Terraform Azure VM Config Builder

Generate Terraform HCL for an Azure Virtual Machine with networking

Build Terraform HCL for an Azure Linux VM with the full networking stack — resource group, virtual network, subnet, network interface, OS disk, and SSH or password admin authentication. It runs free in your browser on Gera Tools, with nothing uploaded.

Last updated Source: Gera Tools

What resources does an Azure VM require in Terraform?

A working Linux VM needs a resource group, a virtual network, a subnet, a network interface, and the azurerm_linux_virtual_machine itself referencing the NIC and an OS disk. This builder emits all of them wired together with the correct references.

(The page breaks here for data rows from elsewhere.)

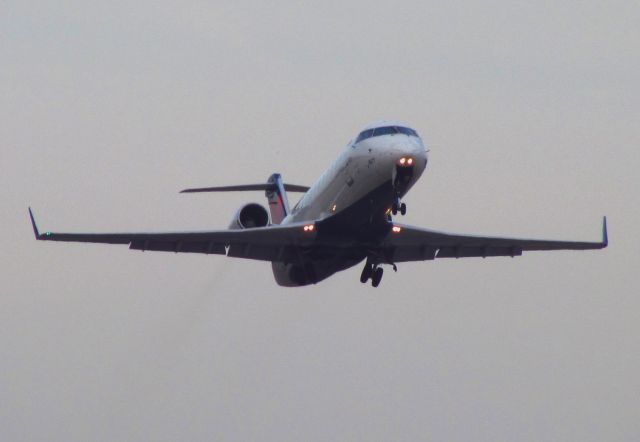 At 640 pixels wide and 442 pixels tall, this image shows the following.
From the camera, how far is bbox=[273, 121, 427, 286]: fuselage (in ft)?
154

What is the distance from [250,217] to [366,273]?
5788 mm

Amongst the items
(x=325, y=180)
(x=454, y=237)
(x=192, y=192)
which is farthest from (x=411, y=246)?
(x=192, y=192)

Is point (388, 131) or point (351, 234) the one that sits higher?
point (388, 131)

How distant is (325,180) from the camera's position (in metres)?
50.3

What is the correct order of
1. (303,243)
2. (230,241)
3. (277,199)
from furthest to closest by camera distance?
1. (277,199)
2. (230,241)
3. (303,243)

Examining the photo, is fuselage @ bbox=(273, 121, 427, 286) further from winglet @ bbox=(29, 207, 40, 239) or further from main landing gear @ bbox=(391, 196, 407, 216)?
winglet @ bbox=(29, 207, 40, 239)

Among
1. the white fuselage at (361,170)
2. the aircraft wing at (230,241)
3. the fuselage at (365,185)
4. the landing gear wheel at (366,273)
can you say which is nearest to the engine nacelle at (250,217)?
the aircraft wing at (230,241)

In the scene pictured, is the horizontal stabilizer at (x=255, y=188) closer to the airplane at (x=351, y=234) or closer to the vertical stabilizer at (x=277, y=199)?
the vertical stabilizer at (x=277, y=199)

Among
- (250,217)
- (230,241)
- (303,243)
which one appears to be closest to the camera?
(303,243)

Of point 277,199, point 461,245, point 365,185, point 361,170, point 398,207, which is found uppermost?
point 361,170

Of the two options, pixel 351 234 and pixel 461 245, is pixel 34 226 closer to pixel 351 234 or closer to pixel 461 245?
pixel 351 234

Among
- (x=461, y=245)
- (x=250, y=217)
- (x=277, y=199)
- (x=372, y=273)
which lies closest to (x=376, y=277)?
(x=372, y=273)

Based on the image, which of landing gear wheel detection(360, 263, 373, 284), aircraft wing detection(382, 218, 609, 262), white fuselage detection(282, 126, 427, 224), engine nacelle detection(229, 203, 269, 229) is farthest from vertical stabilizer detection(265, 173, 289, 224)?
white fuselage detection(282, 126, 427, 224)

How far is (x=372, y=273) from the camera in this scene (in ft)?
168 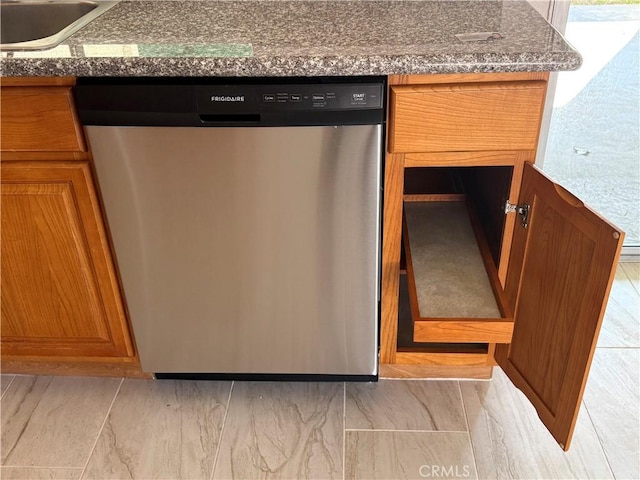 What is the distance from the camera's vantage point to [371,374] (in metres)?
1.64

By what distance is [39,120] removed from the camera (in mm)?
1312

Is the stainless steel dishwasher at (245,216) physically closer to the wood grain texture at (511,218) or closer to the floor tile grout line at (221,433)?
the floor tile grout line at (221,433)

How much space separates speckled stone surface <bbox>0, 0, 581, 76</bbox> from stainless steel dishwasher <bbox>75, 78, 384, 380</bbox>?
0.16 ft

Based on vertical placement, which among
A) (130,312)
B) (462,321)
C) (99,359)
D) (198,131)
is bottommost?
(99,359)

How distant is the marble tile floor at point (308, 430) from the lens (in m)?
1.50

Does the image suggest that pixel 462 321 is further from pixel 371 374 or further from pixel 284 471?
pixel 284 471

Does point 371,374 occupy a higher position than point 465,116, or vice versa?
point 465,116

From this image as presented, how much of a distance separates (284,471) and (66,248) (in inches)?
28.8

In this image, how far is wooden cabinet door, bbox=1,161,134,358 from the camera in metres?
1.39

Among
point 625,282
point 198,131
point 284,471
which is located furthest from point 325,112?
point 625,282

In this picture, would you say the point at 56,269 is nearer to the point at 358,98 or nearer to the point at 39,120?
the point at 39,120

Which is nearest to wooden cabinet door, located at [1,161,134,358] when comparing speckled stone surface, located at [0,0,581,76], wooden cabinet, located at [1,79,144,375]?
wooden cabinet, located at [1,79,144,375]

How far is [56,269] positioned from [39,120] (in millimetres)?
372

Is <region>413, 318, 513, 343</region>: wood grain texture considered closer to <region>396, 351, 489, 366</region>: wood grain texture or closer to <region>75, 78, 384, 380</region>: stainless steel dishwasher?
<region>75, 78, 384, 380</region>: stainless steel dishwasher
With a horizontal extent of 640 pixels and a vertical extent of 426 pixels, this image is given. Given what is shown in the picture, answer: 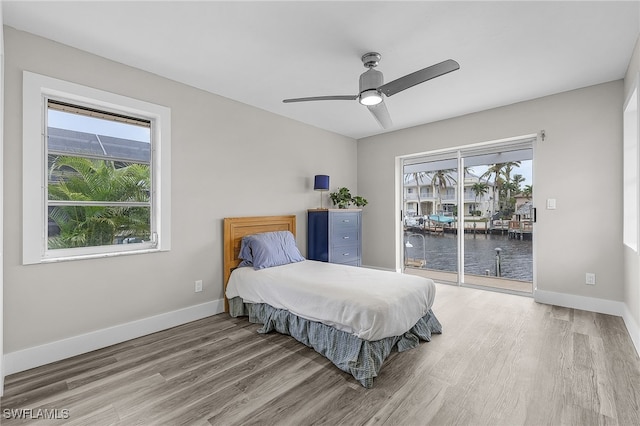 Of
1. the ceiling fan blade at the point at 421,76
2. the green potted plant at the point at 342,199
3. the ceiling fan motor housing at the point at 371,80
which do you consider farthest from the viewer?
the green potted plant at the point at 342,199

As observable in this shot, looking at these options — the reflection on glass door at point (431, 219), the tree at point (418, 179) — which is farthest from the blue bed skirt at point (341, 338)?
the tree at point (418, 179)

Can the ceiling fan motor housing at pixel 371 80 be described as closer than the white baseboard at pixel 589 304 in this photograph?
Yes

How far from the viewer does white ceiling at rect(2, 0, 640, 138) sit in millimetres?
2029

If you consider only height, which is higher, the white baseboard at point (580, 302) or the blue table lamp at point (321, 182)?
the blue table lamp at point (321, 182)

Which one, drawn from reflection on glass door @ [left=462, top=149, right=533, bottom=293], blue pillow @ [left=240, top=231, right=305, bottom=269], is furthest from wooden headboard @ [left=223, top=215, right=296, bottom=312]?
reflection on glass door @ [left=462, top=149, right=533, bottom=293]

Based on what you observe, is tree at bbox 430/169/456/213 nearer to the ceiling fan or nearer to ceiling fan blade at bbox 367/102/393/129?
ceiling fan blade at bbox 367/102/393/129

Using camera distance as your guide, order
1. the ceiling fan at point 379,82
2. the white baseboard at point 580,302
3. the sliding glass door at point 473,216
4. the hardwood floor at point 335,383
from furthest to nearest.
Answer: the sliding glass door at point 473,216, the white baseboard at point 580,302, the ceiling fan at point 379,82, the hardwood floor at point 335,383

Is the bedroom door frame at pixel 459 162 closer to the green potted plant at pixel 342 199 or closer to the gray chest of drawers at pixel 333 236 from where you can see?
the green potted plant at pixel 342 199

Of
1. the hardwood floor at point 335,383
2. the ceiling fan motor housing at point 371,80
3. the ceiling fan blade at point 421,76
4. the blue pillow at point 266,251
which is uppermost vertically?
the ceiling fan motor housing at point 371,80

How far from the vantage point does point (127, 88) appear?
2771 millimetres

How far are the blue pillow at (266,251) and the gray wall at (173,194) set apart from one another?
34cm

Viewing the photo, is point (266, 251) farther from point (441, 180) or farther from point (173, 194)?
point (441, 180)

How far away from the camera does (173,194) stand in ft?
10.0

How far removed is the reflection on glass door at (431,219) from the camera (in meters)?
4.69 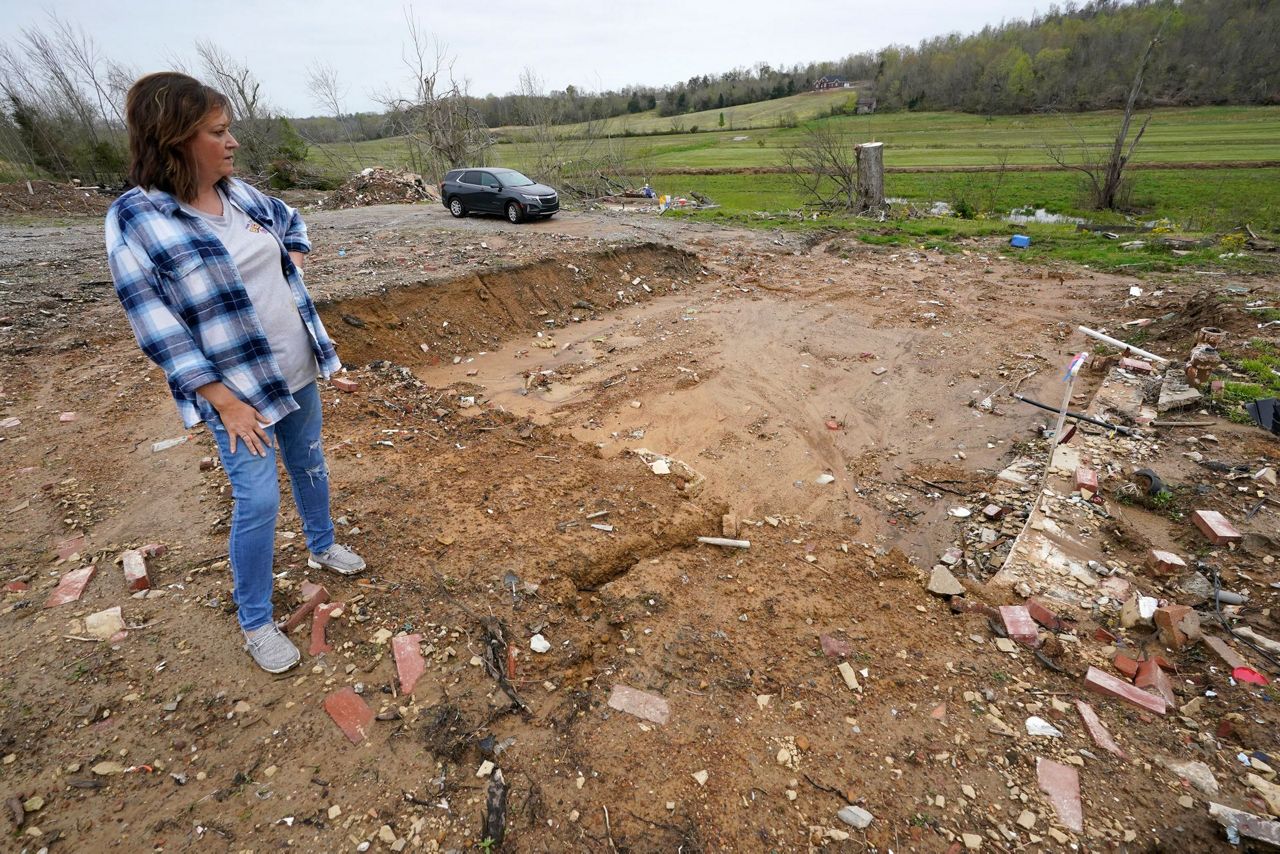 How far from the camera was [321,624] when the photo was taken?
2545mm

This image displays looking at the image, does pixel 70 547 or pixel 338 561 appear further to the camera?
pixel 70 547

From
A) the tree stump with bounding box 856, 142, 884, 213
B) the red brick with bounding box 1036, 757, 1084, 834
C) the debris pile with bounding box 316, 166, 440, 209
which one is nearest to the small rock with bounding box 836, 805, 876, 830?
the red brick with bounding box 1036, 757, 1084, 834

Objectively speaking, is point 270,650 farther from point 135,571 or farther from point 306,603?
point 135,571

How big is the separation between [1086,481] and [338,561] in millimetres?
4888

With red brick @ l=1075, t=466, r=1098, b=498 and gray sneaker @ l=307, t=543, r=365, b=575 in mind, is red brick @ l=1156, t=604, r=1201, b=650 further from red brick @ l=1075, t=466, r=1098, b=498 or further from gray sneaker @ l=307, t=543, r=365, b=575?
gray sneaker @ l=307, t=543, r=365, b=575

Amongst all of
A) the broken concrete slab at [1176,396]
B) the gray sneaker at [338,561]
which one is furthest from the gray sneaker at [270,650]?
the broken concrete slab at [1176,396]

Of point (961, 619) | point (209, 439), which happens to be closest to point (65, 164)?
point (209, 439)

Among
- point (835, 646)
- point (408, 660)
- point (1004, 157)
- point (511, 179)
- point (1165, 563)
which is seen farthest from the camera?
point (1004, 157)

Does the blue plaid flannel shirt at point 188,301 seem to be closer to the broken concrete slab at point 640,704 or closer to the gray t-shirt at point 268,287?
the gray t-shirt at point 268,287

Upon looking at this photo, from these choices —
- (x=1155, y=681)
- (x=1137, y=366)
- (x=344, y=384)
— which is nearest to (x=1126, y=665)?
(x=1155, y=681)

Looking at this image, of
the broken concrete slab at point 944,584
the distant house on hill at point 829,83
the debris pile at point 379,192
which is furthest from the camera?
the distant house on hill at point 829,83

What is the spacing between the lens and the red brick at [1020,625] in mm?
2811

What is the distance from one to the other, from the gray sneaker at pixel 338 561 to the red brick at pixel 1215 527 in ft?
16.2

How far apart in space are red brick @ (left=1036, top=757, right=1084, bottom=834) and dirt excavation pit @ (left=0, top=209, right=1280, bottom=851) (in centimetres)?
2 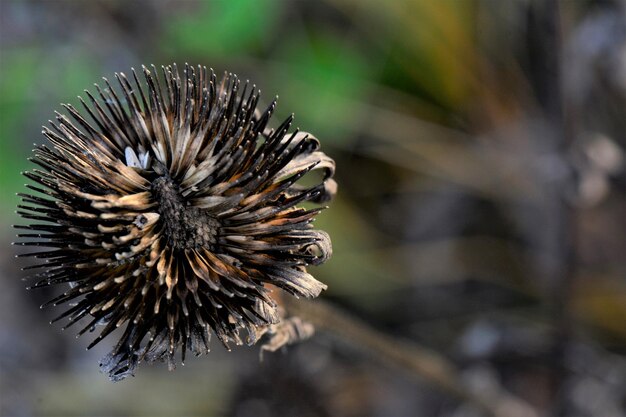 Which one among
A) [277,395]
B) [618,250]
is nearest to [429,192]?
[618,250]

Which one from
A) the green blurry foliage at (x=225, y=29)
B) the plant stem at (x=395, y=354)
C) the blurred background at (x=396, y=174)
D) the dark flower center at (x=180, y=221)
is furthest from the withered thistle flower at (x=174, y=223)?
the green blurry foliage at (x=225, y=29)

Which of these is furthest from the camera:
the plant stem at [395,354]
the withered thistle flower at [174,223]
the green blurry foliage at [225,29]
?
the green blurry foliage at [225,29]

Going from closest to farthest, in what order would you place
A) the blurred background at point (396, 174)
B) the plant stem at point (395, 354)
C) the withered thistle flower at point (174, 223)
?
the withered thistle flower at point (174, 223)
the plant stem at point (395, 354)
the blurred background at point (396, 174)

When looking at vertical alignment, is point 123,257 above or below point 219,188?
below

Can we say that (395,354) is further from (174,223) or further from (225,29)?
(225,29)

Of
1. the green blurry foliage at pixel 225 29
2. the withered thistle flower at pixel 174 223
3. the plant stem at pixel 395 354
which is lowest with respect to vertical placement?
the plant stem at pixel 395 354

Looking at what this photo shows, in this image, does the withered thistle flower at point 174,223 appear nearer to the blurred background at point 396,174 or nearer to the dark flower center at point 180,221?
the dark flower center at point 180,221

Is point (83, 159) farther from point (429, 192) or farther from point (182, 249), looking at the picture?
point (429, 192) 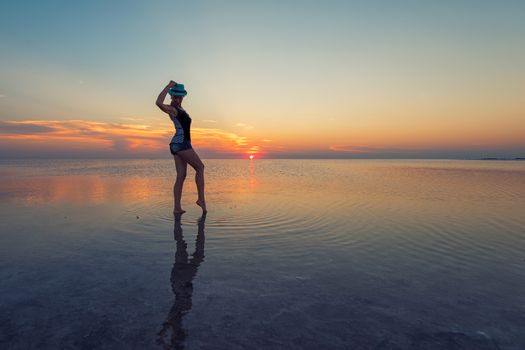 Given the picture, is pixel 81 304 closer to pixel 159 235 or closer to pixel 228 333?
pixel 228 333

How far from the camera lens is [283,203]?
1006 cm

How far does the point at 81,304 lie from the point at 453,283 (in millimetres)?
4299

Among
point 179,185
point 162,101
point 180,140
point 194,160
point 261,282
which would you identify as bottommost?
point 261,282

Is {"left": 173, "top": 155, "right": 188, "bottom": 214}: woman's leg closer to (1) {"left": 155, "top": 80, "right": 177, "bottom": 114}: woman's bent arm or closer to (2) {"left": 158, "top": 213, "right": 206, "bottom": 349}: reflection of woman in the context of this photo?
(1) {"left": 155, "top": 80, "right": 177, "bottom": 114}: woman's bent arm

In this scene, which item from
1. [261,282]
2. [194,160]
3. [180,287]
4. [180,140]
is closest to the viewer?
[180,287]

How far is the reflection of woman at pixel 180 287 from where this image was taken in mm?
2533

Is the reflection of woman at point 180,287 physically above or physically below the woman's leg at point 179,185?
below

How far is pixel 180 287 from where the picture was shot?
3502 millimetres

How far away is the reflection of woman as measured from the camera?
8.31ft

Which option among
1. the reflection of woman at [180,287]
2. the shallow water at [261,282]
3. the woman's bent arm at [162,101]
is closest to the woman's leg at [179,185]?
the shallow water at [261,282]

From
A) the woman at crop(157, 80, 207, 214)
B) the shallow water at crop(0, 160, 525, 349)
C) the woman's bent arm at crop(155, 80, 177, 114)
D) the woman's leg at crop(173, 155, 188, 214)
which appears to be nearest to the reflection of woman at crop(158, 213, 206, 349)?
the shallow water at crop(0, 160, 525, 349)

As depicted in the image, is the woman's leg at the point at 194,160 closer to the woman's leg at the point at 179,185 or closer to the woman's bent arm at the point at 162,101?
the woman's leg at the point at 179,185

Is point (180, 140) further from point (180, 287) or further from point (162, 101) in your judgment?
point (180, 287)

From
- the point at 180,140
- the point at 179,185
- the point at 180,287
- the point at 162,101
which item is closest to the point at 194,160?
the point at 180,140
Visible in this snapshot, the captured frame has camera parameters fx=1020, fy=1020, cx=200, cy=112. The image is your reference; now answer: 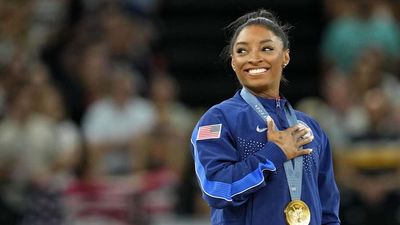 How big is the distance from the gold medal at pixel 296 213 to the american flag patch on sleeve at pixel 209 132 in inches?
16.1

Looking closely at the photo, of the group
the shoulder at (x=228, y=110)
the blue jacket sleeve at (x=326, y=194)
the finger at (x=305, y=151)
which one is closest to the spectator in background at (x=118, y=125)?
the blue jacket sleeve at (x=326, y=194)

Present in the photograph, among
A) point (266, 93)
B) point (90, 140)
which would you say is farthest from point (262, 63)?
point (90, 140)

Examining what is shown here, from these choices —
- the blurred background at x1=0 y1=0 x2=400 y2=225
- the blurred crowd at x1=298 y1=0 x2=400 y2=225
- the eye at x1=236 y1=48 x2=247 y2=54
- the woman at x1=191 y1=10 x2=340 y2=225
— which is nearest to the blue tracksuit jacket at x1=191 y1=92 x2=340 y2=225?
the woman at x1=191 y1=10 x2=340 y2=225

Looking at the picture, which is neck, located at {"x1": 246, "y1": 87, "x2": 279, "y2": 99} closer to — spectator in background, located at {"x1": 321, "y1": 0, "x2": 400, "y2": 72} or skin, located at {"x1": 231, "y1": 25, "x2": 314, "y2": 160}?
skin, located at {"x1": 231, "y1": 25, "x2": 314, "y2": 160}

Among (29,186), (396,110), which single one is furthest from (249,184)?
(396,110)

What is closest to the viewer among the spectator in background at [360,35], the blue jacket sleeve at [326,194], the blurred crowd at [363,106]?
the blue jacket sleeve at [326,194]

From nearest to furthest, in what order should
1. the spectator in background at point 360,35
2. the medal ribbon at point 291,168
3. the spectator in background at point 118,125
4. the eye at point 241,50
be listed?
1. the medal ribbon at point 291,168
2. the eye at point 241,50
3. the spectator in background at point 118,125
4. the spectator in background at point 360,35

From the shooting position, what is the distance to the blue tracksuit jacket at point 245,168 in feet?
13.3

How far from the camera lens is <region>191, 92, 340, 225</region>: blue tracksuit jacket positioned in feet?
13.3

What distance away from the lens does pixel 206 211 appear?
31.1ft

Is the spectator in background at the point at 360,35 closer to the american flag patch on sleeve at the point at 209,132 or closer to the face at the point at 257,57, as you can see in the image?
the face at the point at 257,57

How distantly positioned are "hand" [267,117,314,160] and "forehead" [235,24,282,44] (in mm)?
335

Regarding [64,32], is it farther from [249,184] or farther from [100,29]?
[249,184]

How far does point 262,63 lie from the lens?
4.21 m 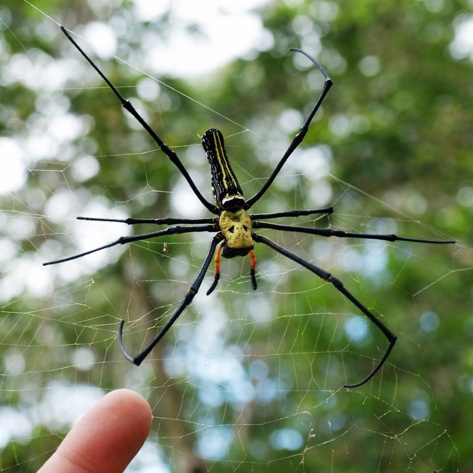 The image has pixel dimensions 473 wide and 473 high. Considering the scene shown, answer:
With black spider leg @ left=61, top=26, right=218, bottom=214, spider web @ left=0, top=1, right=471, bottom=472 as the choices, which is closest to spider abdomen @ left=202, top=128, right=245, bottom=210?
black spider leg @ left=61, top=26, right=218, bottom=214

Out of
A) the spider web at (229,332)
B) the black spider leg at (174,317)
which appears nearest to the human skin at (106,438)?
the black spider leg at (174,317)

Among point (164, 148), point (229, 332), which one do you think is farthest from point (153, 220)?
point (229, 332)

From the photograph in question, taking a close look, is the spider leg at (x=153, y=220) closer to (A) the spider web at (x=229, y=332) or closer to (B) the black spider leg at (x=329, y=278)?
(B) the black spider leg at (x=329, y=278)

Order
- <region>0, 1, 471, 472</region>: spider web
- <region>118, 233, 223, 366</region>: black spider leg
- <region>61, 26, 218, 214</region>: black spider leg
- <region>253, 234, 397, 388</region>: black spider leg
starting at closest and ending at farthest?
<region>118, 233, 223, 366</region>: black spider leg < <region>61, 26, 218, 214</region>: black spider leg < <region>253, 234, 397, 388</region>: black spider leg < <region>0, 1, 471, 472</region>: spider web

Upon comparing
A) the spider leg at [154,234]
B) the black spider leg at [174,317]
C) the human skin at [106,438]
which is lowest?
the human skin at [106,438]

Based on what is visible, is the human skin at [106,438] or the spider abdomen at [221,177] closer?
the human skin at [106,438]

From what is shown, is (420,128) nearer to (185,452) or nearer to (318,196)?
(318,196)

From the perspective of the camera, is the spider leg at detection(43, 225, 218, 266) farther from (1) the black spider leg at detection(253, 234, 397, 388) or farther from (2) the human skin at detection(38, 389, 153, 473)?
(2) the human skin at detection(38, 389, 153, 473) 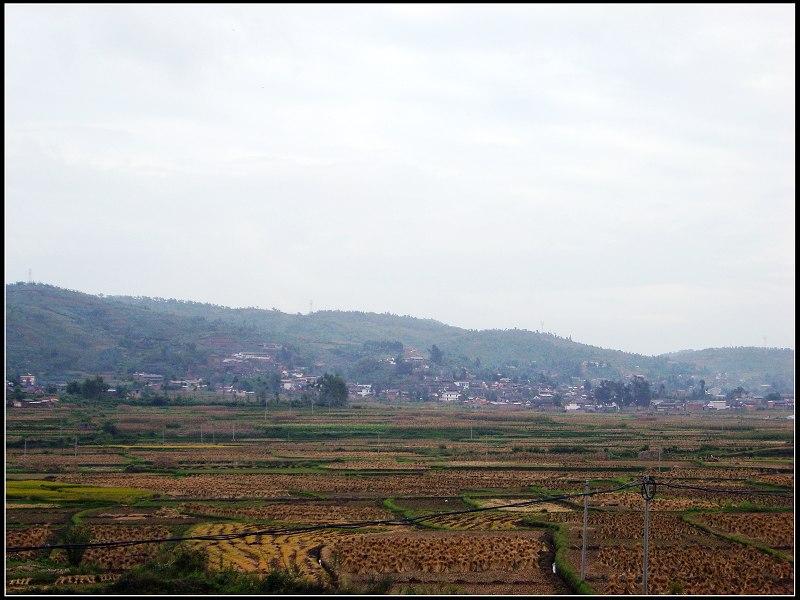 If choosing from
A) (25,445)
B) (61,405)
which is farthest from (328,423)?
(25,445)

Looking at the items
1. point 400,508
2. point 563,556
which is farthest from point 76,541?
point 563,556

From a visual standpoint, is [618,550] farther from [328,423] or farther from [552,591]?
[328,423]

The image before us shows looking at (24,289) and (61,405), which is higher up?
(24,289)

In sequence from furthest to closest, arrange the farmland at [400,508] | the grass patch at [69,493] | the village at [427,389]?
the village at [427,389] < the grass patch at [69,493] < the farmland at [400,508]

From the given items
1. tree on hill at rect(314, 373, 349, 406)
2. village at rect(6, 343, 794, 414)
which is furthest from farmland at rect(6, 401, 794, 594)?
village at rect(6, 343, 794, 414)

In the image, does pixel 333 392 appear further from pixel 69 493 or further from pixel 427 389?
pixel 69 493

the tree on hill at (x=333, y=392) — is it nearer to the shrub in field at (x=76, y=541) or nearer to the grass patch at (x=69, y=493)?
the grass patch at (x=69, y=493)

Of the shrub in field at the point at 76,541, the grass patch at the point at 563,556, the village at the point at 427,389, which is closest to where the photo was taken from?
the grass patch at the point at 563,556

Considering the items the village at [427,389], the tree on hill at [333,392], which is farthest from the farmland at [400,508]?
the village at [427,389]

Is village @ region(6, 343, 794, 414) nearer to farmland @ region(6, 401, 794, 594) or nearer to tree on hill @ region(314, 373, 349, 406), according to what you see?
tree on hill @ region(314, 373, 349, 406) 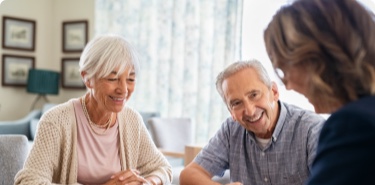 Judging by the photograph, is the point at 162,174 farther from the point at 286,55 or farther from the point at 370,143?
the point at 370,143

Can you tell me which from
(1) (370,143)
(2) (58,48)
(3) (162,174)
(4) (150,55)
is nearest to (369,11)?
(1) (370,143)

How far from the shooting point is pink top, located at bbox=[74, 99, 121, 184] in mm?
1718

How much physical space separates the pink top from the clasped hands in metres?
0.10

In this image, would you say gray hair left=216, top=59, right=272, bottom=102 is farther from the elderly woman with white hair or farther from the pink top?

Stand up an Azure VM with Terraform, batteries included

An Azure virtual machine is never just one resource — it needs a network to live in. This builder generates the complete dependency chain (resource group, virtual network, subnet, NIC) plus the azurerm_linux_virtual_machine itself, with the cross-references already wired so terraform apply works first time.

How it works

Terraform creates Azure resources in dependency order using interpolated references. The VM references its network interface ID, the NIC references the subnet, the subnet references the virtual network, and everything references the resource group’s name and location. By chaining azurerm_resource_group.<id>.name style references, Terraform builds the correct graph and provisions resources in the right sequence.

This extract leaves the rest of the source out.